* [Goal of the exercise] Beneath this instruction is a listing; print exactly the lines in it starting at the line that contains "Retro Flower Round" and going through the line that contains "Purina FRISKIES ACTIVE".

* [Supplied material]
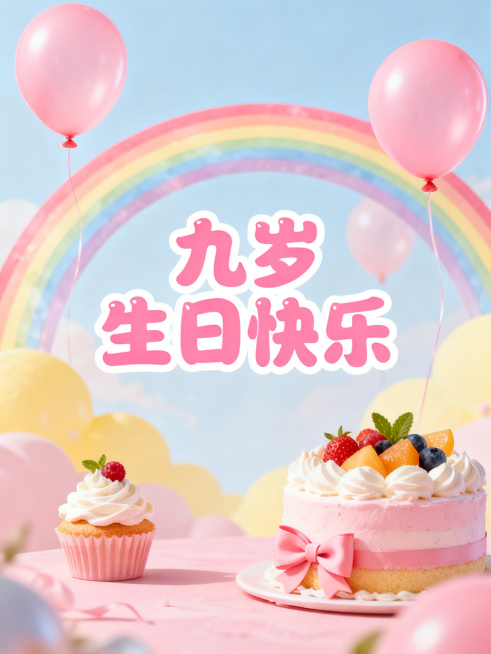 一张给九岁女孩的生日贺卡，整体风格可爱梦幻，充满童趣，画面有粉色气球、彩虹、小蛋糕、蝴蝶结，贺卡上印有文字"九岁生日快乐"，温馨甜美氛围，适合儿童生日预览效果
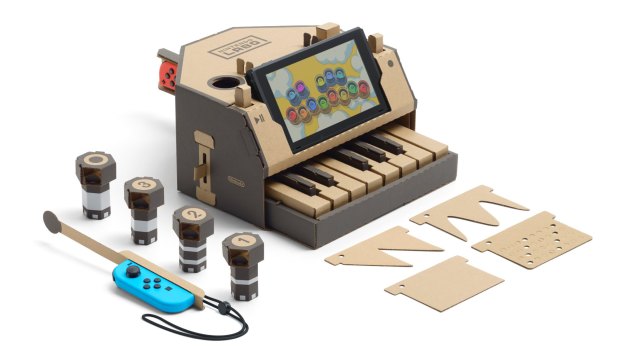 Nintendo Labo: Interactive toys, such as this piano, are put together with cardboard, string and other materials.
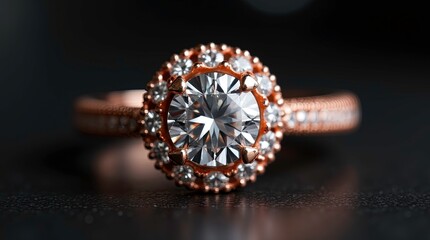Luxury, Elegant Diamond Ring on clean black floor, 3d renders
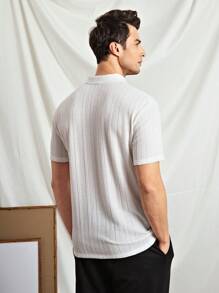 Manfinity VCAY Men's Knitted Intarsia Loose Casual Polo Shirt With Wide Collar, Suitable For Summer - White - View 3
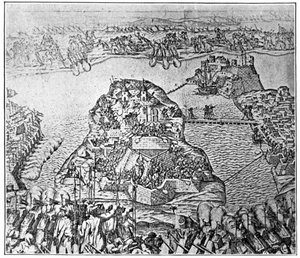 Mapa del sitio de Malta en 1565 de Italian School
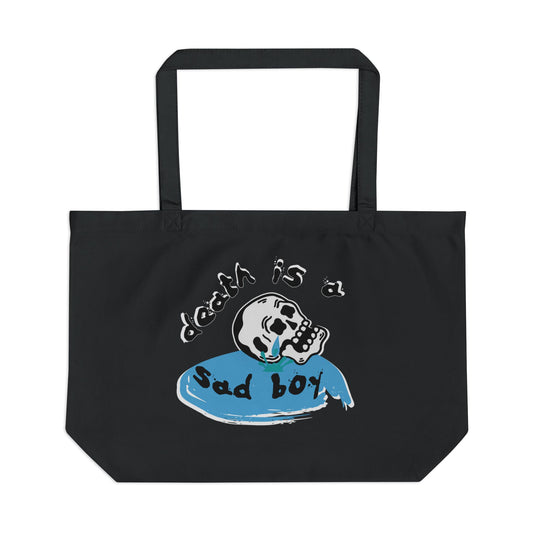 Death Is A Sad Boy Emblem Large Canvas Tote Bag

--

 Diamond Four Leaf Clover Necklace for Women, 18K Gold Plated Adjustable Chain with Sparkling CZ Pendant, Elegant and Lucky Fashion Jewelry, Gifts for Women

==

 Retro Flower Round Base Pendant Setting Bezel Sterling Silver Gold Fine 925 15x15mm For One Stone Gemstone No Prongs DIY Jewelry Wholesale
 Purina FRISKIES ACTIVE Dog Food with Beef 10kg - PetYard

* [Answer for the task]
 Retro Flower Round Base Pendant Setting Bezel Sterling Silver Gold Fine 925 15x15mm For One Stone Gemstone No Prongs DIY Jewelry Wholesale
 Purina FRISKIES ACTIVE Dog Food with Beef 10kg - PetYard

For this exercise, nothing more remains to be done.